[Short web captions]
================

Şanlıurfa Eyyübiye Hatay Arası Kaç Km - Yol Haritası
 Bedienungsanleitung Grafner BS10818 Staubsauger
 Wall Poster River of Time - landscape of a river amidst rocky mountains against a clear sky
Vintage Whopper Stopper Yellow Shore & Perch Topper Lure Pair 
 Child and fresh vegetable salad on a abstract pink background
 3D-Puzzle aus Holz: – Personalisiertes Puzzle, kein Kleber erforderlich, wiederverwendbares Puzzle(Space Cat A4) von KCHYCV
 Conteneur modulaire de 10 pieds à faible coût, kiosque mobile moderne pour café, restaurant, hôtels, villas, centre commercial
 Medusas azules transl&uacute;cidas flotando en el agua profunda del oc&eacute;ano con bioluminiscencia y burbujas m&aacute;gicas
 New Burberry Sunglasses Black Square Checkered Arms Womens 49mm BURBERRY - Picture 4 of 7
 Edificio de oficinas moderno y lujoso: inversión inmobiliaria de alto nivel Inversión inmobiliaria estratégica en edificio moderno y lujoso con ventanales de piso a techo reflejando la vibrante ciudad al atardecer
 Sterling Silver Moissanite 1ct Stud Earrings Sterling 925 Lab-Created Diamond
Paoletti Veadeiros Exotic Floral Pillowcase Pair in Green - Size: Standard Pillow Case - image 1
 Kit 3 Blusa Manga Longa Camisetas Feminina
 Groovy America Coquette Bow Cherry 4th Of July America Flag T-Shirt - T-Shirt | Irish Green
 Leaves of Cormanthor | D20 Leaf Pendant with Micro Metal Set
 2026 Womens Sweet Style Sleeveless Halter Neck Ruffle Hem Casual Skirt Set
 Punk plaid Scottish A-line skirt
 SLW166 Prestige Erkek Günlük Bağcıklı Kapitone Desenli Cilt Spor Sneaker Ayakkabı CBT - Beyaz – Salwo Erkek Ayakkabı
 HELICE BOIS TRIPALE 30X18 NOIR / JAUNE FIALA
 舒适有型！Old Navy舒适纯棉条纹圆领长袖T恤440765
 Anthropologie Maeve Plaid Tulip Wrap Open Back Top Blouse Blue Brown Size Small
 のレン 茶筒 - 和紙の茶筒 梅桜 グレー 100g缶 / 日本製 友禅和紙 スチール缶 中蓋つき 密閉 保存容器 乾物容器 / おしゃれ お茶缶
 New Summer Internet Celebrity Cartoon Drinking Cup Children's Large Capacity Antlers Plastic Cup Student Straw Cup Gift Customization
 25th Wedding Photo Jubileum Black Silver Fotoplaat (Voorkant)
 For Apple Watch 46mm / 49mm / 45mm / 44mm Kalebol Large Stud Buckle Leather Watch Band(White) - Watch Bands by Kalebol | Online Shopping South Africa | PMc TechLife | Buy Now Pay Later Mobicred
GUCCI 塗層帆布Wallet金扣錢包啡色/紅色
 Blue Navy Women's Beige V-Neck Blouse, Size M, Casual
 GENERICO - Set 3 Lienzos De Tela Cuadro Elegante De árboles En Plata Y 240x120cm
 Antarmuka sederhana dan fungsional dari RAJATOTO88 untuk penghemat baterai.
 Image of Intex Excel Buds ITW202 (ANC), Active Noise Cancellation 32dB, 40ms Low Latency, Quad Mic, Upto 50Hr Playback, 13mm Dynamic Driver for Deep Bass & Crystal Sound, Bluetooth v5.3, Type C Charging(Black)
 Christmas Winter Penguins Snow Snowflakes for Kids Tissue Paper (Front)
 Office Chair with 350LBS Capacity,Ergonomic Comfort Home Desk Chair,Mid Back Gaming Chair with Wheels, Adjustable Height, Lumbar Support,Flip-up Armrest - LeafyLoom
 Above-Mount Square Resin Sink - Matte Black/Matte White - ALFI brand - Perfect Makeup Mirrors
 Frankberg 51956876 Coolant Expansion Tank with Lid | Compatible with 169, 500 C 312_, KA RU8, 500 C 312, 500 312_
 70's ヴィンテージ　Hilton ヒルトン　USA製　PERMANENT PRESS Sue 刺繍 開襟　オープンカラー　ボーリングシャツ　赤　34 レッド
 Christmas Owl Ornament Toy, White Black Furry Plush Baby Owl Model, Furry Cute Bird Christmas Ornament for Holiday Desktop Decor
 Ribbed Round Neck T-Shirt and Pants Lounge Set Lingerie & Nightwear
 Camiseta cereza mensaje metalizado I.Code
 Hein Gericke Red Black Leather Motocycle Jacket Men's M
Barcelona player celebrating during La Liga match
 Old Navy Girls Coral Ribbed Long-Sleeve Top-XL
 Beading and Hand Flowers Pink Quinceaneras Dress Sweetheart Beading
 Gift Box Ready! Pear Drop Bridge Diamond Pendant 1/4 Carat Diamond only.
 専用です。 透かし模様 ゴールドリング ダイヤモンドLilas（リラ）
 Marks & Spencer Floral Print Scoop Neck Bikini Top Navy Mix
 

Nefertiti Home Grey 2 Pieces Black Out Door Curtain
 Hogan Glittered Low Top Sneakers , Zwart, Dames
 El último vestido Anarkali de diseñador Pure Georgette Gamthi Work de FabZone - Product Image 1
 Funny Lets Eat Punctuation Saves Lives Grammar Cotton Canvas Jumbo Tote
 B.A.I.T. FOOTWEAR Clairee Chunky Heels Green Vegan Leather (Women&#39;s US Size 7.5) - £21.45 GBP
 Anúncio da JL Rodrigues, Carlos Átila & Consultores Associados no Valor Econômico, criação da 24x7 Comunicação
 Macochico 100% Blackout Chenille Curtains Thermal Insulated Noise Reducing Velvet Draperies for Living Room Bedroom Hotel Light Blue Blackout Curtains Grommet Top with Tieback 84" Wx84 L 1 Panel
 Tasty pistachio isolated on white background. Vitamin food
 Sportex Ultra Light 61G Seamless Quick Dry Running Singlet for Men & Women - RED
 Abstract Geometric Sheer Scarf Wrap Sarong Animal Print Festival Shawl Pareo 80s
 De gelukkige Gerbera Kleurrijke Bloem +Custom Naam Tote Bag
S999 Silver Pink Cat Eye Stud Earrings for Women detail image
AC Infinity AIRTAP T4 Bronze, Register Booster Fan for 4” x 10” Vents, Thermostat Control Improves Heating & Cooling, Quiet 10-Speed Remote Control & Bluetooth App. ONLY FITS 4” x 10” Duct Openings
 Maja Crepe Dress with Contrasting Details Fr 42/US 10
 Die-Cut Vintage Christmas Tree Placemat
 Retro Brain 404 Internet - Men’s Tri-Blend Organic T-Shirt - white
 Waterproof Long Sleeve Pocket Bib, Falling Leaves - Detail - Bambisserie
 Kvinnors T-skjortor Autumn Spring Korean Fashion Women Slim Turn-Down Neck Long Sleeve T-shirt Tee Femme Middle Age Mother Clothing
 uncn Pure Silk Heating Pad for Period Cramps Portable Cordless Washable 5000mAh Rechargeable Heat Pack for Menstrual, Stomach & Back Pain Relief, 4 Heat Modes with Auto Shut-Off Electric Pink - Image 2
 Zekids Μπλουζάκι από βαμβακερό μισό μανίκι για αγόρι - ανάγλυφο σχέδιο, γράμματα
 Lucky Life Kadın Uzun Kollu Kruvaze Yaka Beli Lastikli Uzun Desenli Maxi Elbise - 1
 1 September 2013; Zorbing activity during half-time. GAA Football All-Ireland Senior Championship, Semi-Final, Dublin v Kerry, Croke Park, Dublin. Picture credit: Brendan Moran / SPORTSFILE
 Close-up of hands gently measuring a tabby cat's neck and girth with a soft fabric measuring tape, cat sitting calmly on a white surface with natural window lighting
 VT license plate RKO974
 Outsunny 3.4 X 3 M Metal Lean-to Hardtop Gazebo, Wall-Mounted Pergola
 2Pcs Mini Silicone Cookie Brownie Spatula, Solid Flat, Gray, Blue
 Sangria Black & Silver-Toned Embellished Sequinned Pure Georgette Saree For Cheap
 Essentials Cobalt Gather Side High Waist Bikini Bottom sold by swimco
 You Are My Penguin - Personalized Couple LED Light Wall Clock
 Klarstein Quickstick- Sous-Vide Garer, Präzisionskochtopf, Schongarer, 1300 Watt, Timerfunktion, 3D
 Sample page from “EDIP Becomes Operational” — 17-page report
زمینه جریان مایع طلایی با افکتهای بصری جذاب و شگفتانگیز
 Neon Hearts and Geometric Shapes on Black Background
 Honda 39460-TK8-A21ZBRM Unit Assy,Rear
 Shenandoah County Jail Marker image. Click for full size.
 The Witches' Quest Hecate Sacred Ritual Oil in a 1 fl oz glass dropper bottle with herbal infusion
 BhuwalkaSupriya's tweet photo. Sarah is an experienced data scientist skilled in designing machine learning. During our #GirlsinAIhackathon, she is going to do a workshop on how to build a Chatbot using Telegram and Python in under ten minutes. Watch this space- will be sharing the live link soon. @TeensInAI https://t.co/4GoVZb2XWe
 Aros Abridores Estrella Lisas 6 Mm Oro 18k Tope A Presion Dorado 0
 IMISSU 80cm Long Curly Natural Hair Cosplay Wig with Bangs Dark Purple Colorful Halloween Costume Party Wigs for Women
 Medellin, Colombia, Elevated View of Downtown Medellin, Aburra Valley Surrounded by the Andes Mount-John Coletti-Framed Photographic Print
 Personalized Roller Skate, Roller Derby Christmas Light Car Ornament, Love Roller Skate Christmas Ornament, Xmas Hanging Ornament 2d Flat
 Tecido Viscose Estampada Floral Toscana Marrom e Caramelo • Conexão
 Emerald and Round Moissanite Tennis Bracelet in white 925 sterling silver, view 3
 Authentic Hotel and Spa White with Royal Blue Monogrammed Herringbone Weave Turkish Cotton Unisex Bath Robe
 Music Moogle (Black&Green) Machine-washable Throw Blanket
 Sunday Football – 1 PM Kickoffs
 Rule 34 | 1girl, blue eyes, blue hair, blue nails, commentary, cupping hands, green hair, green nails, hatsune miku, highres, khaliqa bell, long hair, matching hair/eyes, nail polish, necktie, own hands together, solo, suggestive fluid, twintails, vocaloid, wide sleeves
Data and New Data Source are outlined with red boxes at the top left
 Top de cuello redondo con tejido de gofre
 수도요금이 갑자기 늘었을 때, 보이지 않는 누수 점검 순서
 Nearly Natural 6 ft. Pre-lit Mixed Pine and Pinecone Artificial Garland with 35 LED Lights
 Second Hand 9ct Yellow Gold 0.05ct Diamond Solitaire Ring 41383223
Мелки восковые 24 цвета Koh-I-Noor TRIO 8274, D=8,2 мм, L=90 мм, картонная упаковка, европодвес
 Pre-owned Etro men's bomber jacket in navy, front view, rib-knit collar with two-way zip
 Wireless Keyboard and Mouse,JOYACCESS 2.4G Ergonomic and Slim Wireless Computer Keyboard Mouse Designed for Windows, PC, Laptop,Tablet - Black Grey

================

_WORK ITEM_. In the entries above, find the line with "Above-Mount Square Resin" and the line with "Marks & Spencer", then restate word for word both of them and every line between, with nothing more.

_ANSWER BOX_.
 Above-Mount Square Resin Sink - Matte Black/Matte White - ALFI brand - Perfect Makeup Mirrors
 Frankberg 51956876 Coolant Expansion Tank with Lid | Compatible with 169, 500 C 312_, KA RU8, 500 C 312, 500 312_
 70's ヴィンテージ　Hilton ヒルトン　USA製　PERMANENT PRESS Sue 刺繍 開襟　オープンカラー　ボーリングシャツ　赤　34 レッド
 Christmas Owl Ornament Toy, White Black Furry Plush Baby Owl Model, Furry Cute Bird Christmas Ornament for Holiday Desktop Decor
 Ribbed Round Neck T-Shirt and Pants Lounge Set Lingerie & Nightwear
 Camiseta cereza mensaje metalizado I.Code
 Hein Gericke Red Black Leather Motocycle Jacket Men's M
Barcelona player celebrating during La Liga match
 Old Navy Girls Coral Ribbed Long-Sleeve Top-XL
 Beading and Hand Flowers Pink Quinceaneras Dress Sweetheart Beading
 Gift Box Ready! Pear Drop Bridge Diamond Pendant 1/4 Carat Diamond only.
 専用です。 透かし模様 ゴールドリング ダイヤモンドLilas（リラ）
 Marks & Spencer Floral Print Scoop Neck Bikini Top Navy Mix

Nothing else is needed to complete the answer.